Does this sound like a good backdrop for buying long-term
Treasury debt?
Your central bank is all but begging to see higher inflation. Your central bank implies it will let inflation run hot before it will raise interest rates. Over $4 trillion of fiscal stimulus will be financed with the issuance of Treasury debt. There is an expectation that there is going to be an unleashing of pent-up demand that leads to above-trend economic growth.
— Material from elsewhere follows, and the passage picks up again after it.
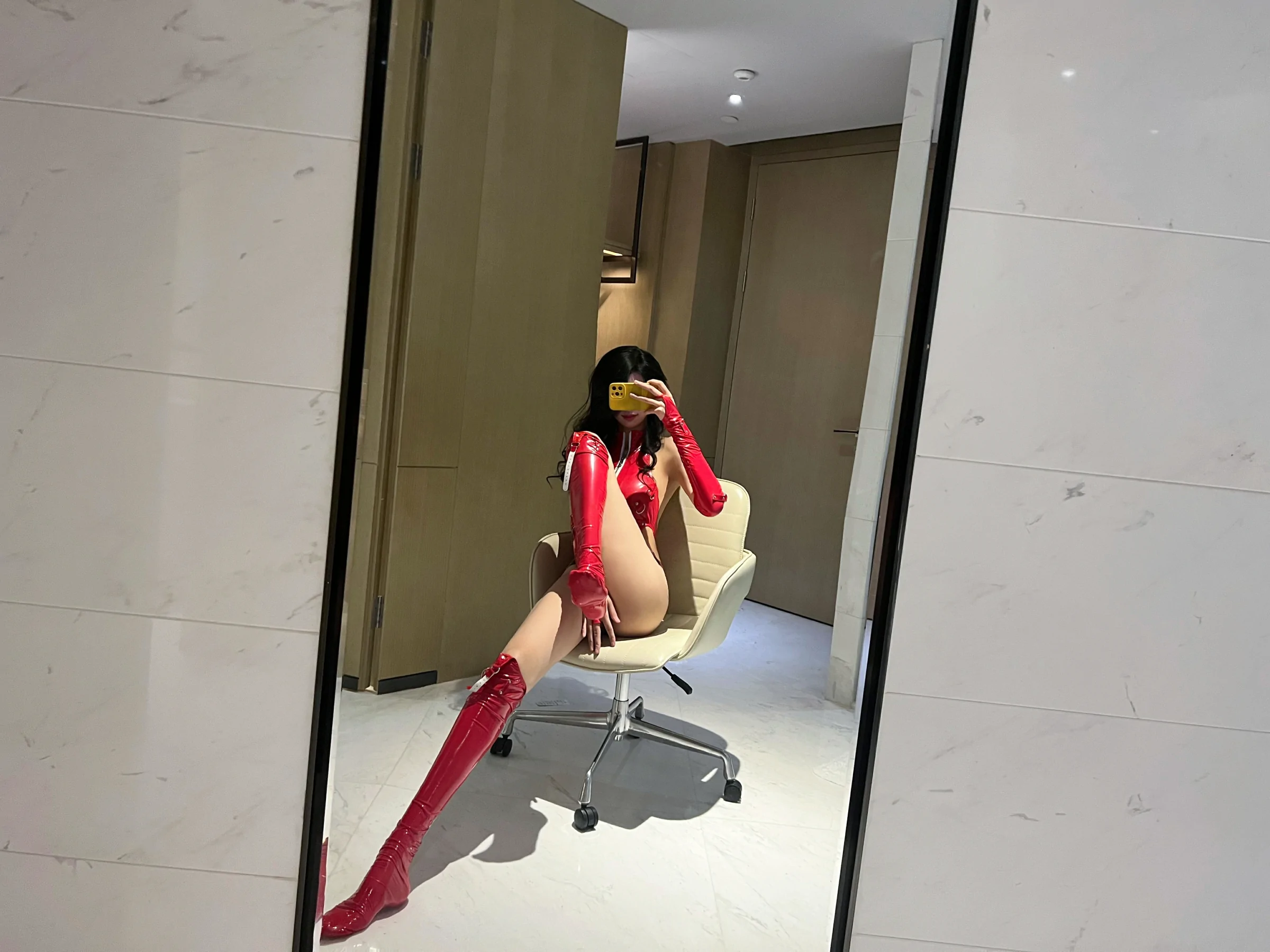 葛征GeZheng – 红色皮裤 [54P] - 秀人网免费无水印在线套图写真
Simply put, that's not a compelling setup. It screams "interest
rate risk."
Why, then, aren't longer-dated Treasury securities getting sold
in earnest? Granted they have faced increased selling pressure in the
latter half of 2020, but it hasn't been a "rush-to-the-exits" kind of move. The 10-yr yield bottomed at 0.50% in early August and has
been moving higher in a measured way since then, sporting a current yield of
0.94%.
That's a logical move based on the backdrop presented above,
yet in a certain sense it also defies logic based on the backdrop presented
above.
What it reflects perhaps is an appreciation for intervention
risk -- that being the Fed holding the power to flip the switch on its Treasury
purchases (which will be "at least $80 billion per month...until substantial
further progress has been made toward the Committee's maximum employment and price
stability goals."). In other words, the Fed could concentrate more of its
purchase power on longer-dated securities whenever it so chooses and/or it
could even increase how much money it uses to purchase Treasury securities.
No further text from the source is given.